Experimental analysis and modelling of bond formation in ultrasonic heavy wire bonding

Conference: CIPS 2020 - 11th International Conference on Integrated Power Electronics Systems
03/24/2020 - 03/26/2020 at Berlin, Deutschland

Proceedings: ETG-Fb. 161: CIPS 2020

Pages: 6Language: englishTyp: PDF

Schemmel, Reinhard; Scheidemann, Claus; Hemsel, Tobias; Sextro, Walter (Paderborn University, Chair of Dynamics and Mechatronics, Germany)
Kirsch, Olaf (Infineon Technologies AG, Warstein Germany)

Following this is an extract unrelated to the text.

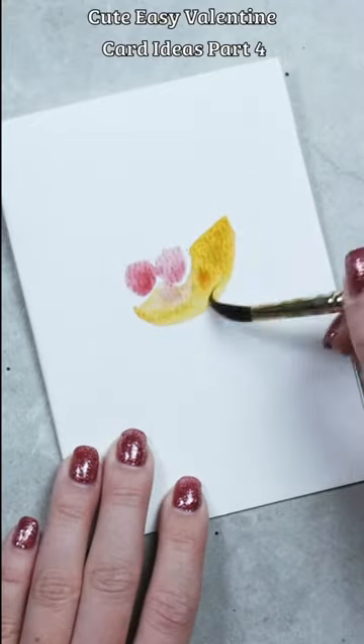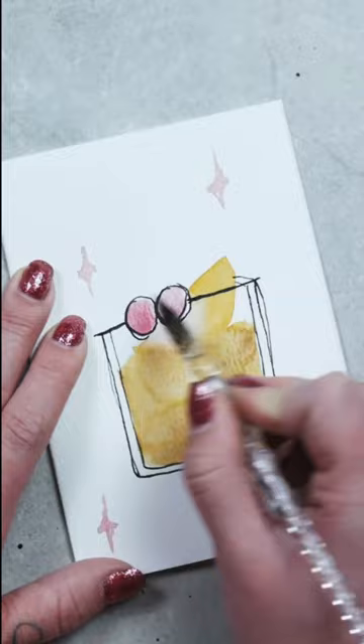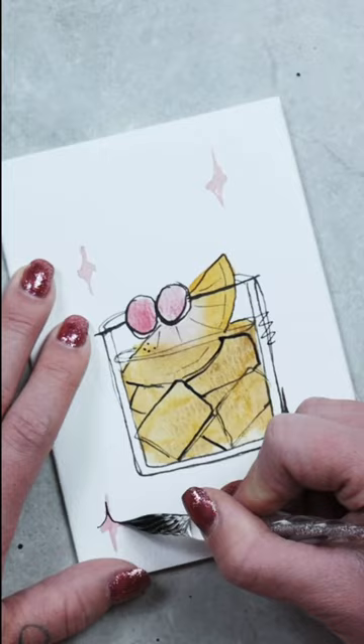If you're a fan of Fletcher, then this is the perfect valentine for you. We're going to start by painting an old-fashioned, and you may see where this is going. One of my friends drew this and sent it to me the other day, and I had to remake it and share it on TikTok because it's way too cute. The caption for this one is simply going to be 'sip me like an old-fashioned.' I'm doing a whole series of valentines, so follow for more.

Ultrasonic wire bonding is a process to form electrical connections in electronics well established industry. Typically, a clamping tool is pressed on the wire and forced to vibrate at relative high frequency 40 to 100 kHz. The ultrasonic vibration is transmitted through the wire into the interface between wire and substrate. Due to frictional processes, contamination like oxide layers are removed from the contact zone, the surface roughness is reduced, and with increasing bond duration an metallic connection of wire and substrate is established. It is known that the amount of ultrasonic energy over time directly influences the strength and reliability of the bond connection, but the determination of optimum bond parameters is still a challenging experimental task. For this, in the past different model approaches have been presented, to calculate the bond quality by simulation. Measuring the friction between wire and substrate to validate these models is a challenging task at ultrasonic bonding frequency. Therefore a versatile test rig for bonding experiments at frequencies lower than 1 kHz is setup to get detailed insight into the different phases of the connection process. It includes a piezoelectric force sensor for the measurement of the three-dimensional process forces, an electrodynamic shaker for the vibration excitation and a conventional tension-compression testing machine to apply the bond normal force. Using this test rig, it is possible to observe the different phases of bond formation in detail, validate and enhance existing models and finally optimize bond parameters for different processes.